» **Assignment**
As the answer, set down the lines below from the one containing "Tarjeta De Recepción" through the one containing "AMINA HALF KNIT", exactly and inclusively, and no others.

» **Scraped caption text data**
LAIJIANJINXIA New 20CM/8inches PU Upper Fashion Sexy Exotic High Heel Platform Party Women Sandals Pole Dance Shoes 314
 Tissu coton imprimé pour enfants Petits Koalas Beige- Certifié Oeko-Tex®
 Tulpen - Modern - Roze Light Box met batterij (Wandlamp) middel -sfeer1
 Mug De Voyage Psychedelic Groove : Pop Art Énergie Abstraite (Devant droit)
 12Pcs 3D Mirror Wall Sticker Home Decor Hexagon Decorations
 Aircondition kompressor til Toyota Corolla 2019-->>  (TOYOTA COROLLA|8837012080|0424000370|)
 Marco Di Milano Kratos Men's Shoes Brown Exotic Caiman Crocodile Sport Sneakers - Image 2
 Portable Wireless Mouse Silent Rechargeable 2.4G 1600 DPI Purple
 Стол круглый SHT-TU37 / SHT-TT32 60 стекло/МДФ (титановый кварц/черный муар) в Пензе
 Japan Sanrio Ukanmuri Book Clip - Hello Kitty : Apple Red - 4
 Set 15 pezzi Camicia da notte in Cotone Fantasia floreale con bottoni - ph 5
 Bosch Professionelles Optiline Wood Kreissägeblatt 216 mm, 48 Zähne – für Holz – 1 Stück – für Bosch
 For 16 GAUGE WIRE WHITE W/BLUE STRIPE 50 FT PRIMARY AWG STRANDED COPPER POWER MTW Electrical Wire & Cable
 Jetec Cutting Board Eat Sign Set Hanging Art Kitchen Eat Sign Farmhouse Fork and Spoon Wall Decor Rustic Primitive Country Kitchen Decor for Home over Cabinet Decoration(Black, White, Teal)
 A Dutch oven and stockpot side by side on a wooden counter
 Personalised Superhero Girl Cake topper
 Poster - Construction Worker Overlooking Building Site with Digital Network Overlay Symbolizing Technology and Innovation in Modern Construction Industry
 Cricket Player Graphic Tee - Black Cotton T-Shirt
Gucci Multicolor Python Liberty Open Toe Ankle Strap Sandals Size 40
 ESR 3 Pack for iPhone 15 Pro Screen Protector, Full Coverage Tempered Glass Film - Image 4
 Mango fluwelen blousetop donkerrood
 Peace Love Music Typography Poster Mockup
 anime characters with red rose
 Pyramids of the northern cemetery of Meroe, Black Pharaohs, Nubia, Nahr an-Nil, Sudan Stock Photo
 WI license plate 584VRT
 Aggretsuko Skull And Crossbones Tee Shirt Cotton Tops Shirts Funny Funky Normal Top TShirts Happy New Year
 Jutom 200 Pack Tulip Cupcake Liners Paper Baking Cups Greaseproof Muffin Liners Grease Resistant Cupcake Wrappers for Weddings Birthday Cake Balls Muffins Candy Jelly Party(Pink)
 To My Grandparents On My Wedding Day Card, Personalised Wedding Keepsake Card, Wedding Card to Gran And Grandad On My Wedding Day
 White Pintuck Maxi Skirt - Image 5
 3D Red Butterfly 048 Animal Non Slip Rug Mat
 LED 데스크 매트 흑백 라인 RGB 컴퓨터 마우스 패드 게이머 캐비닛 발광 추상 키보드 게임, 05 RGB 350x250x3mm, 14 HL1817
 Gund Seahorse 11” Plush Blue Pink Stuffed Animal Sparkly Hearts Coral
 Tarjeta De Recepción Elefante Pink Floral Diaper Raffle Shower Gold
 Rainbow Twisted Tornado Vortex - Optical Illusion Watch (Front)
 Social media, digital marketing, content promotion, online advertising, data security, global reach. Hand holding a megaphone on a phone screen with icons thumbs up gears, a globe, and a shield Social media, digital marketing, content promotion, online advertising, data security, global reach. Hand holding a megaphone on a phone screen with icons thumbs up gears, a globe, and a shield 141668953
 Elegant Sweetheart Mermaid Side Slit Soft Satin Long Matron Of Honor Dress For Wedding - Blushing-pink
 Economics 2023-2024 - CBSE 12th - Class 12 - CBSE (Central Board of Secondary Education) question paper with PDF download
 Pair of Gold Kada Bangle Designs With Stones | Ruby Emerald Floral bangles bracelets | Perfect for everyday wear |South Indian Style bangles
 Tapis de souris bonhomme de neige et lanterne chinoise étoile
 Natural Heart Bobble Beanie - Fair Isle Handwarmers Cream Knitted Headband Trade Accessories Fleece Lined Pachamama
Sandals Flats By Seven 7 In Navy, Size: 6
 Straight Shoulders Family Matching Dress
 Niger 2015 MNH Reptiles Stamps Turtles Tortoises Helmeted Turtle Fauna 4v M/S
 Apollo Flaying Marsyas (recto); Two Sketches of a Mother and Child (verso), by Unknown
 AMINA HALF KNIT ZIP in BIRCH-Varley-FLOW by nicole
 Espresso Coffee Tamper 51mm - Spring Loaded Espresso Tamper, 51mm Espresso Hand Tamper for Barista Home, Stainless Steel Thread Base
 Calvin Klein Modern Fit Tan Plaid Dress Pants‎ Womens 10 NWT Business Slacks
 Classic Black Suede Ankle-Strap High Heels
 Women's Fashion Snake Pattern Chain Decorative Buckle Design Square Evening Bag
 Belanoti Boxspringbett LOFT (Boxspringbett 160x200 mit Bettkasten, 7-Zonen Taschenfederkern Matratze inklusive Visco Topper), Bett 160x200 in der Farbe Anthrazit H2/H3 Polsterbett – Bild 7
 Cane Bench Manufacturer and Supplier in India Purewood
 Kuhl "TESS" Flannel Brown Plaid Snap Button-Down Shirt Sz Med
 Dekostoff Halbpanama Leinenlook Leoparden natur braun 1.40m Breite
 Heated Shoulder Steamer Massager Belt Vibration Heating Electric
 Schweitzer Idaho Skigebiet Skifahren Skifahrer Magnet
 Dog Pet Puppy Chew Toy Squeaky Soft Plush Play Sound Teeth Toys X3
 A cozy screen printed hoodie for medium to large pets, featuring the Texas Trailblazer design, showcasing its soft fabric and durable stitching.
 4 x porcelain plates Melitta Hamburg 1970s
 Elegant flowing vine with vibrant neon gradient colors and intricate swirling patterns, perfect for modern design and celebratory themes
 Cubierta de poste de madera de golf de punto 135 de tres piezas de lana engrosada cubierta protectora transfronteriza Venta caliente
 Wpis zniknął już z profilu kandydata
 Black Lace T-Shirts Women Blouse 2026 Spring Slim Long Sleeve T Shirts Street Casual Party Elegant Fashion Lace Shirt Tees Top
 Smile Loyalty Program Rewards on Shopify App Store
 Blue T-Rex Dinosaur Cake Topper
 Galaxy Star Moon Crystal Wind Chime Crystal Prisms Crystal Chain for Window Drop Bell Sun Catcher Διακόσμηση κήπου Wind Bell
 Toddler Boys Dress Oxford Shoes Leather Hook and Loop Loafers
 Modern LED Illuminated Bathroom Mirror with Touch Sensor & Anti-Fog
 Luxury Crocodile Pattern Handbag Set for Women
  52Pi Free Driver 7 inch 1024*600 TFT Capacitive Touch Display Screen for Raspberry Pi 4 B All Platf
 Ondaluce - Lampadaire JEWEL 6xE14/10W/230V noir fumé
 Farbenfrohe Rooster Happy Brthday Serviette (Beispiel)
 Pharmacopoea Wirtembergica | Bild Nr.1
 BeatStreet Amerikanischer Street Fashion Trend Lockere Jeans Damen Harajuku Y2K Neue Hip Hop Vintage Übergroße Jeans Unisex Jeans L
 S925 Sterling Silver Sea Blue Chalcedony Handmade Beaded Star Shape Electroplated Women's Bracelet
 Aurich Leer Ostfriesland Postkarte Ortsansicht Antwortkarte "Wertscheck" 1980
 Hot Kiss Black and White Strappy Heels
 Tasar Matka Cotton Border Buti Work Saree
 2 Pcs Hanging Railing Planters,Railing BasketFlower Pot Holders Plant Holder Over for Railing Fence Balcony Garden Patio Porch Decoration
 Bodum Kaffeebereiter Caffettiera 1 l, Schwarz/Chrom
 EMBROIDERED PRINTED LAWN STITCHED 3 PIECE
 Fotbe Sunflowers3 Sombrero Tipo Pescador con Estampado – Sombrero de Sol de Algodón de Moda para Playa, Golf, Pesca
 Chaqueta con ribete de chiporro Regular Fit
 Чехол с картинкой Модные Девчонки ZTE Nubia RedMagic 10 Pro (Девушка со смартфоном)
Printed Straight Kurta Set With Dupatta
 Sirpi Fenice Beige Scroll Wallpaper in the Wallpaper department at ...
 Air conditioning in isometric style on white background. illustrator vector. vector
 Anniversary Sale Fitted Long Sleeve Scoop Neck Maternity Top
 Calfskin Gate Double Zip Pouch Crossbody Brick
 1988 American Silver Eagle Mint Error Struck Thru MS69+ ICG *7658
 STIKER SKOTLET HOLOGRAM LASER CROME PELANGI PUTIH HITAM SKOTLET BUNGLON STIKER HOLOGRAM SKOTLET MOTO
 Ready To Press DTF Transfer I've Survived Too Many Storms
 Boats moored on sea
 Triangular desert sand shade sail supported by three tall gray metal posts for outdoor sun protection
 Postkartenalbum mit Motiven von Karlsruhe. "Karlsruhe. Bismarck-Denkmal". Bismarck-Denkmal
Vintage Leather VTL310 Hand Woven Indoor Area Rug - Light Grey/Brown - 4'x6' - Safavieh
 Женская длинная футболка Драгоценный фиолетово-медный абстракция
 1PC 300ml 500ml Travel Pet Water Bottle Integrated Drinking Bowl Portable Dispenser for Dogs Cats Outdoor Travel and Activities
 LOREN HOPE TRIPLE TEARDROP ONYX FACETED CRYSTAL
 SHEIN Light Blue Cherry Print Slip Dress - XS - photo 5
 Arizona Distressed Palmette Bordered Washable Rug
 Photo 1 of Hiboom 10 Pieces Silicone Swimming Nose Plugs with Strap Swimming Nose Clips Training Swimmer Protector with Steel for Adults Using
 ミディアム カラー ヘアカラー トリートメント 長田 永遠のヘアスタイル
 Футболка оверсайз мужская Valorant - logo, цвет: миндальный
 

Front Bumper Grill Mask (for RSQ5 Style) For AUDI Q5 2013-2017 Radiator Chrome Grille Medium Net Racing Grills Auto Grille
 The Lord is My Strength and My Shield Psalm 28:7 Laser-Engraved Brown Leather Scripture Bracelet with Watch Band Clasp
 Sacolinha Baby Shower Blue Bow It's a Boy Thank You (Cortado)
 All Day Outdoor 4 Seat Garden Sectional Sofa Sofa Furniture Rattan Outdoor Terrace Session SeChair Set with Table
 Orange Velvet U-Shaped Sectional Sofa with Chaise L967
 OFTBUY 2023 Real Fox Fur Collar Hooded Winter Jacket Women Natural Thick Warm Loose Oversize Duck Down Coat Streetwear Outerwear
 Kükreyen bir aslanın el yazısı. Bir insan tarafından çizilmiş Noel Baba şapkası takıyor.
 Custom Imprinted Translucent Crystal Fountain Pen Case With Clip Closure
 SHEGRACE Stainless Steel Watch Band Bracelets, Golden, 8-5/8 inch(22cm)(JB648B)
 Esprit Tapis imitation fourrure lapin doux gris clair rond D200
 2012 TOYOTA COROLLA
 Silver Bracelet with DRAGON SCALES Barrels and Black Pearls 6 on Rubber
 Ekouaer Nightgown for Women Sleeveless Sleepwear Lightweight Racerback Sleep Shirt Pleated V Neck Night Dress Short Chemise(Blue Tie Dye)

» **Exercise result**
 Tarjeta De Recepción Elefante Pink Floral Diaper Raffle Shower Gold
 Rainbow Twisted Tornado Vortex - Optical Illusion Watch (Front)
 Social media, digital marketing, content promotion, online advertising, data security, global reach. Hand holding a megaphone on a phone screen with icons thumbs up gears, a globe, and a shield Social media, digital marketing, content promotion, online advertising, data security, global reach. Hand holding a megaphone on a phone screen with icons thumbs up gears, a globe, and a shield 141668953
 Elegant Sweetheart Mermaid Side Slit Soft Satin Long Matron Of Honor Dress For Wedding - Blushing-pink
 Economics 2023-2024 - CBSE 12th - Class 12 - CBSE (Central Board of Secondary Education) question paper with PDF download
 Pair of Gold Kada Bangle Designs With Stones | Ruby Emerald Floral bangles bracelets | Perfect for everyday wear |South Indian Style bangles
 Tapis de souris bonhomme de neige et lanterne chinoise étoile
 Natural Heart Bobble Beanie - Fair Isle Handwarmers Cream Knitted Headband Trade Accessories Fleece Lined Pachamama
Sandals Flats By Seven 7 In Navy, Size: 6
 Straight Shoulders Family Matching Dress
 Niger 2015 MNH Reptiles Stamps Turtles Tortoises Helmeted Turtle Fauna 4v M/S
 Apollo Flaying Marsyas (recto); Two Sketches of a Mother and Child (verso), by Unknown
 AMINA HALF KNIT ZIP in BIRCH-Varley-FLOW by nicole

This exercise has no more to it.